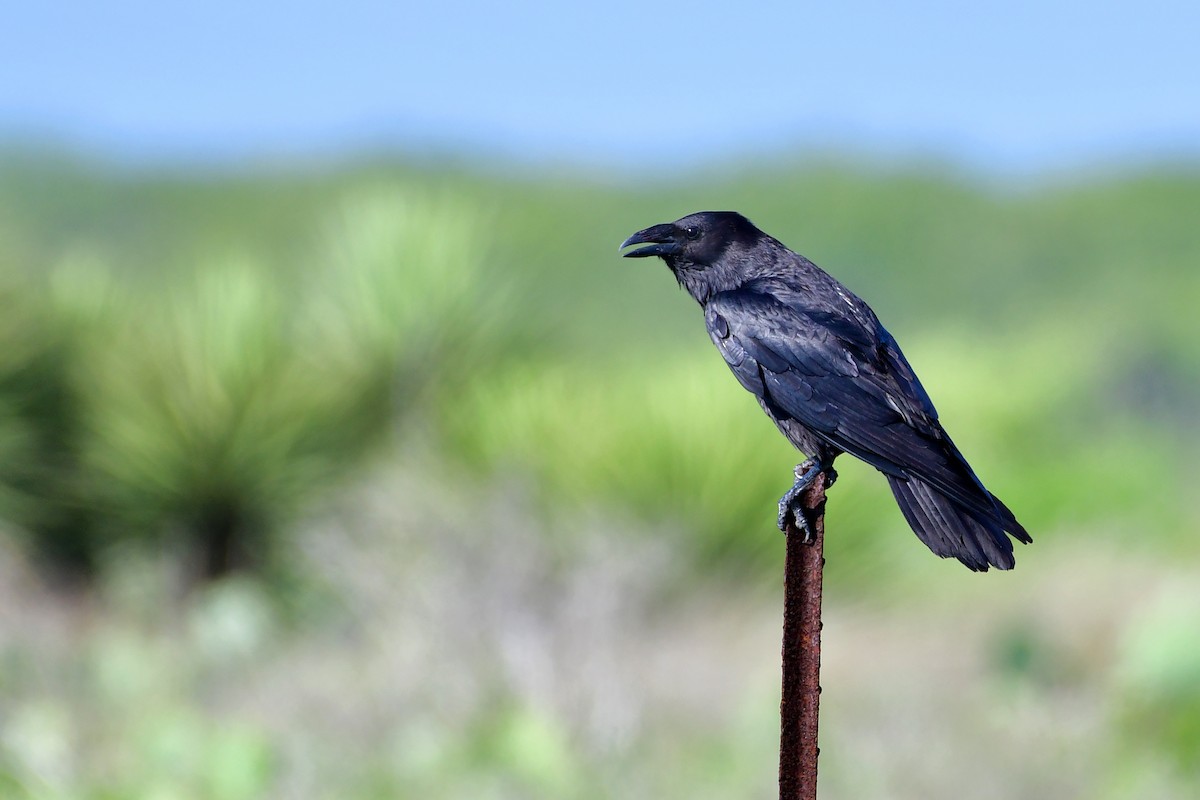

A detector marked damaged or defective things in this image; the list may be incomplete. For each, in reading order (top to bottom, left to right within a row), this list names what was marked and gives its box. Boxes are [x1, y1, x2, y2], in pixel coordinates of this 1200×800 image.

rusted metal post [777, 472, 825, 796]
rusty metal rod [777, 472, 825, 796]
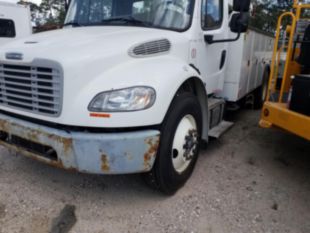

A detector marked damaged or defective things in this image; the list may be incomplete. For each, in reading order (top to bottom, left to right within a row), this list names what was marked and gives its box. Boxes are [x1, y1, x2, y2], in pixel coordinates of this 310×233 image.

rusty front bumper [0, 113, 161, 175]
rust stain [143, 137, 160, 170]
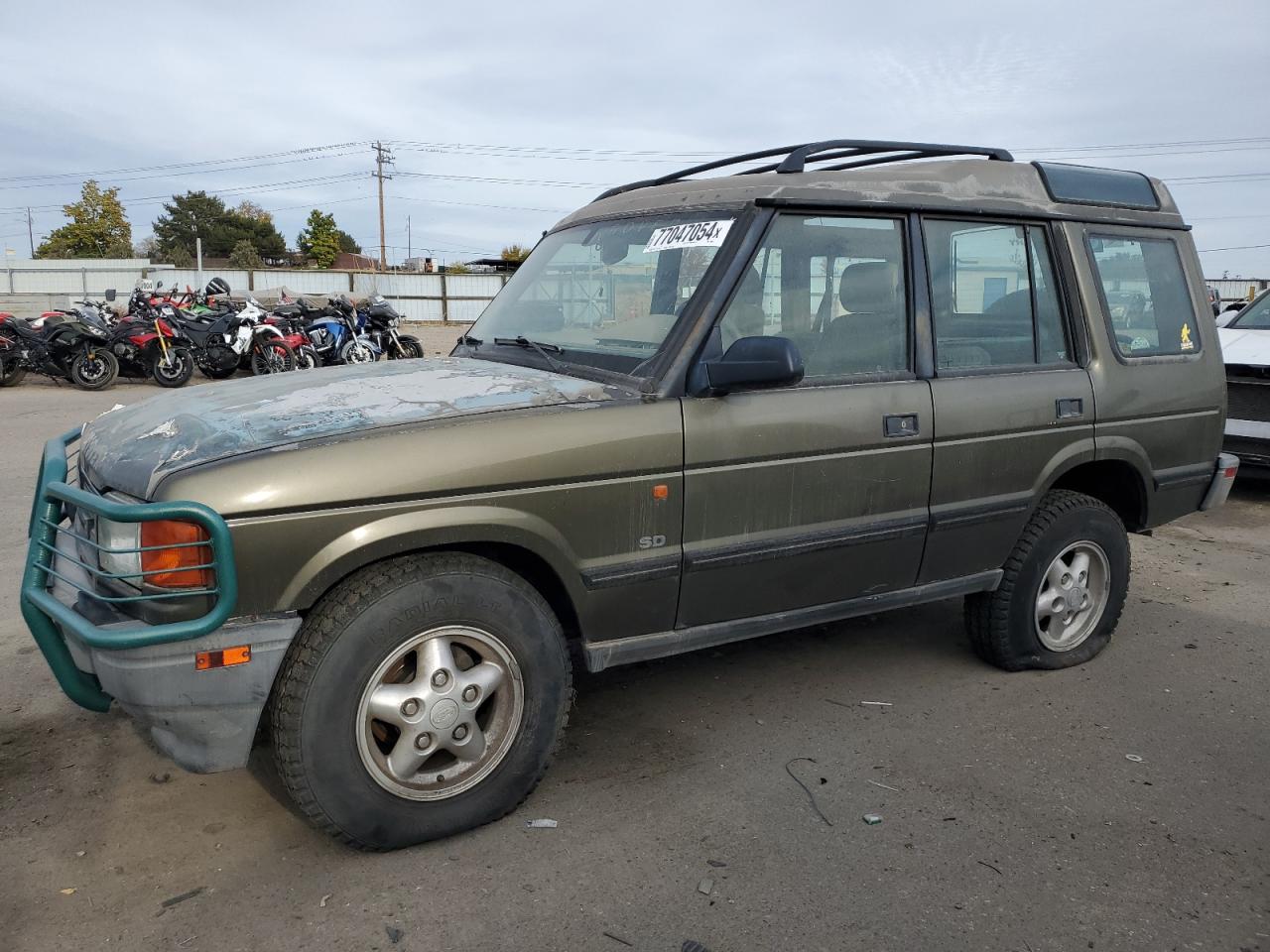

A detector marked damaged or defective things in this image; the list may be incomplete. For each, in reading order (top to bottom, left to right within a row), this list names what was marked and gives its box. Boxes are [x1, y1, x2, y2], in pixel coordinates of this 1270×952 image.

peeling hood paint [79, 357, 627, 498]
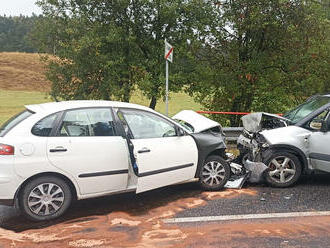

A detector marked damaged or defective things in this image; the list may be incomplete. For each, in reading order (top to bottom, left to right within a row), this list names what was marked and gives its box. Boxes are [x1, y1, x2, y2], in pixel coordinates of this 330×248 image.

crumpled hood [173, 110, 222, 134]
crumpled hood [240, 112, 288, 133]
shattered windshield [282, 95, 330, 123]
crashed white hatchback [0, 101, 229, 221]
white damaged car [0, 101, 229, 221]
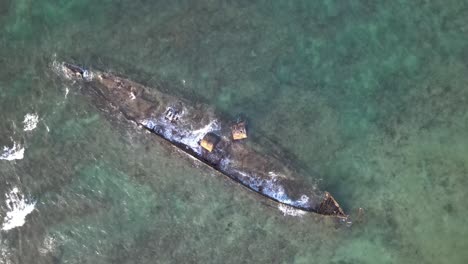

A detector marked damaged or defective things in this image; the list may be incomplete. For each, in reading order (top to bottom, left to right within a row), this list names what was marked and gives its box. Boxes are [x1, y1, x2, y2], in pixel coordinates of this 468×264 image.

rusted shipwreck [54, 62, 348, 219]
corroded metal hull [55, 62, 348, 219]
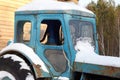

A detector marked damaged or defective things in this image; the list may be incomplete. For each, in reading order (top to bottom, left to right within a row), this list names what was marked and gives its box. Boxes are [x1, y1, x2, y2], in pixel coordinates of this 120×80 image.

* * *

→ **Task**
Only what runs from the line holding "this 468×264 image." through the end of the entries above is to be given again, exactly, with every picture omitted.

→ **Exercise result**
A detector marked damaged or defective things in this image; the list may be incomplete. For each, in reading order (top to bottom, left to right within a row), this list names what was marked and gives its box. Boxes are [x1, y1, x2, y2], in pixel coordinates of this 468×264 image.

rusted shipwreck [54, 62, 348, 219]
corroded metal hull [55, 62, 348, 219]

A detector marked damaged or defective things in this image; the list may be incomplete. For each, in reading order (top to bottom, left to right within a row), this list names what was marked and gives its box. Boxes are [x1, y1, x2, y2], in pixel coordinates of this 120×80 image.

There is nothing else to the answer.